If that’s not frightening enough, the same report suggests that this tech carbon footprint is rising at around 6% per year. Add in the increased demand for cloud computing – much of which is driven by the global need to work from home, thanks to COVID, plus our penchant for instant streaming, increased reliability on everywhere connection and a growing reliance on smart devices (and we haven’t even mentioned the imminent 5G data requirements).
Big Tech has a huge responsibility to clean up their act. Many data centres are still powered by fossil fuel. In addition, while the big 5 have made various net-zero pledges, much of this is through buying carbon credits and the purchase of clean energy. This is, of course, to be lauded. But unless they also reduce the amount of dirty energy they produce themselves, this doesn’t have a direct impact on climate change.
The Pressure is on for Big Tech to Act
As we all become more aware of the crisis on our doorstep, public opinion is piling on the pressure for changes to take place. Behemoth, Google, appears to be taking the lead, having made a renewable energy pledge to match its energy use with renewables on an hourly basis by 2030.
While Google’s carbon footprint can in no way be considered good for the planet, when compared to other companies they measure up favourably. According to the environmental lobby group, Greenpeace, the 2020 carbon emissions figures measure as:
Google: 1.5m tonnes
Microsoft: 16m tonnes
Amazon: 44m tonnes
This makes for pretty sobering reading. So, what are they doing about it?

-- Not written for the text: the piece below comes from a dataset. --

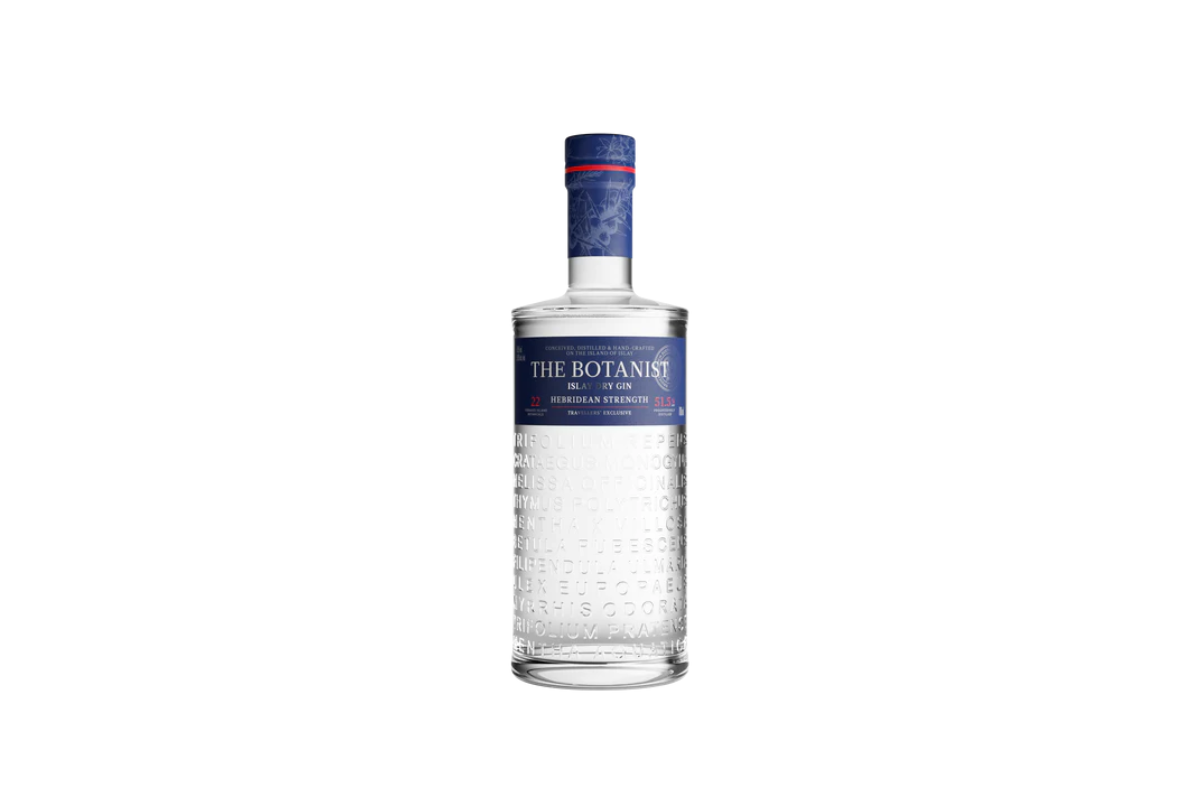 London Dry Gin 1L  Airport Duty Free Shopping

Google: Has pledged to power all of its data centre and campuses with carbon-free energy by 2030. This means utilising wind, solar and hydropower 24/7 – a monumental task but one that, if they manage it, is likely to have a knock-on effect to all public utilities and companies globally.

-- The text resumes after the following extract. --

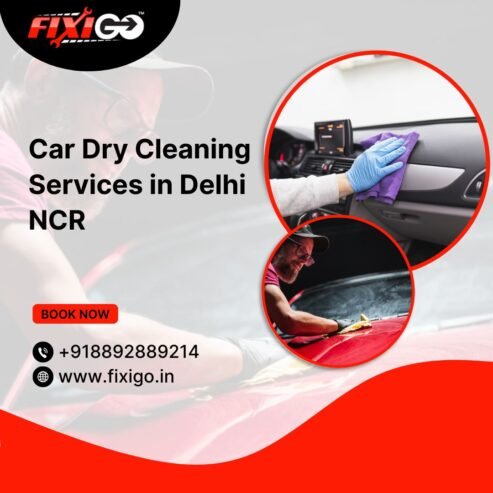 Car Dry Cleaning Services in Delhi NCR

Microsoft: Is hedging its bets somewhat, having vowed to be carbon negative by 2030, without being more specific.
Amazon: Has a more muted approach, saying it’s aiming to reach net zero by 2040. This will be done by the purchase of more clean energy, electric vehicles and buying carbon credits to compensate for the rest of their emissions.
The problem with this latter approach is that many offset credits, such as renewable energy certificates, don’t have a dramatic real-world effect. That’s because the cost of these RECs isn’t high enough to generate new renewable supplies.
Despite much noise, a 2020 BP report says that only 5% of global power use comes through renewable energy. Companies, such as the large Big Tech concerns, must commit more to the research into green power, such as hydrogen and geothermal. They also need to act for other energy efficient operations, such as moving data centre centres to cooler locations that require less cooling.
We should also consider that this tech energy need is powered by all of us. By reducing our use of cloud services we could each make our own small impact. Something that, to be realistic, won’t be happening any time soon…
It does appear that the majority of the responsibility falls upon Big Tech to make inroads into reducing burgeoning carbon emissions. However, smaller companies can also have an impact, perhaps switching from external cloud servers or company data rooms to more energy efficient micro-data centres. Not only are these cheaper and more efficient, but they use dramatically less energy and, therefore, have less carbon emissions.